A series of pocket-sized books called Cassell's National Library was published from 1886 in Britain. The series were exported and widely read by Japanese students and teachers at the end of the Meiji Era and the beginning of the Taisho. Soseki Natsume, one of the great writers in the Meiji Era, had sixteen books of Cassell's National Library which are now in the Soseki Library at Tohoku University Library. According to the bibliography, one of the sixteen is not dated. Cassell's National Library was published four times (1886-1890, 1891?-1894?, 1901?-1903?, 1904-1913?) and the size, the design of the cover and the phrase printed at the bottom of the last page of each series are different. With the help of these differences, I have managed to identify the book as belonging to the first series.
Among the sixteen books is
Poems : 1700-1714 by Alexander Pope. It has the most numerous margin notes made by Soseki. However, the number of the notes is different between the old edition (1967) and the new one (1997). The former has twelve notes but the latter only six. This difference is due to each publisher's editorial principle. One of the editorial policies of the new edition is that fragmental notes like signs and references to other passages and other books should be omitted.

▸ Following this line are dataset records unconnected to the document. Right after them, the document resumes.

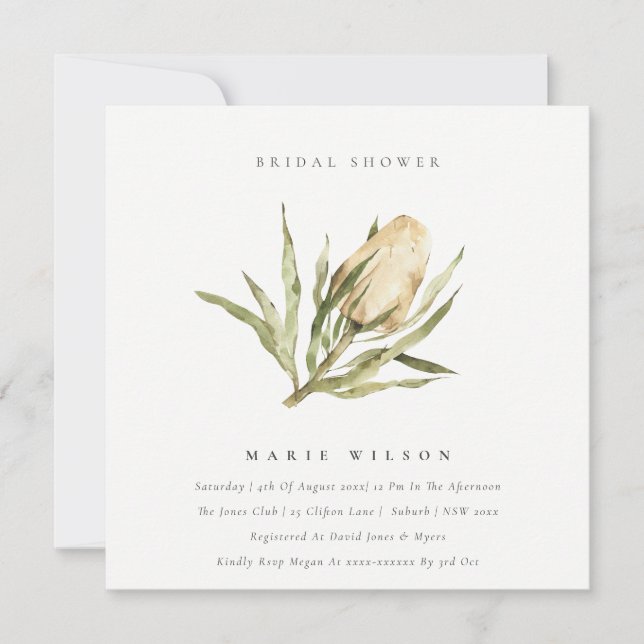 Cute Native Banksia Watercolor Flora Bridal Shower Invitation (Front)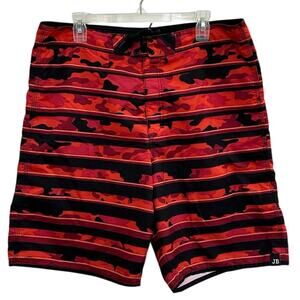 Joe Boxer Red/Orange Camo Stripes Quick Dry Board Shorts Swim Trunks 36 " W EUC,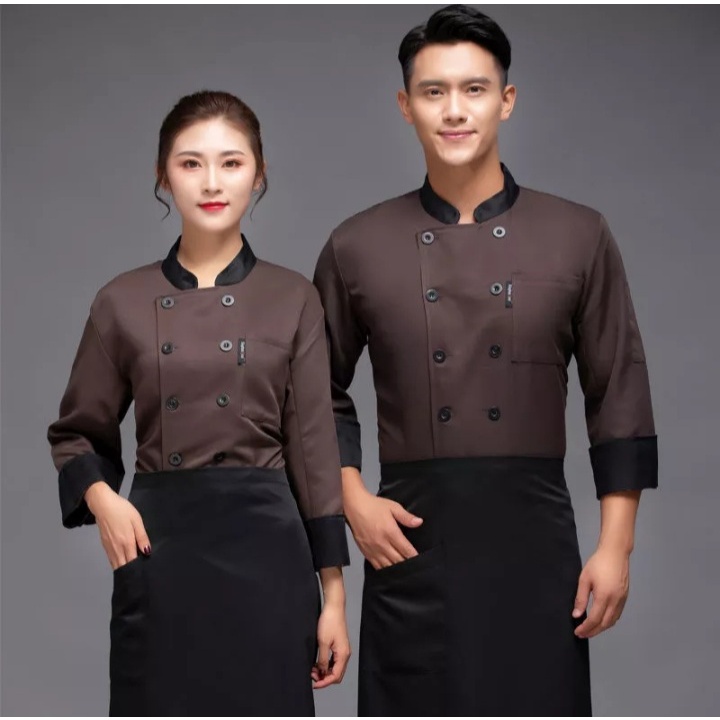 Baju Koki Kemeja koki chef jacket seragam koki barista pria wanita unisex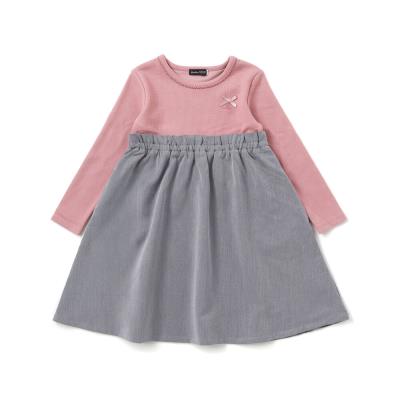 テレコ×ツイル切り替え長袖ワンピース(90~150cm)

I think that the margin notes referring to other passages and other books give us important clues as to how Soseki read books and made the best use of them in his own works. Therefore, the omission of some of the notes is a very serious mistake, and I intend to show how seriously mistaken the omission is in the following paper “Soseki and Cassell's National Library (2)”. In this paper, I have focused on the notes the two editions have in common and have tried to ascertain why Soseki made such margin notes and what the notes mean, comparing these with his margin notes on other books and the phrases and passages of his works.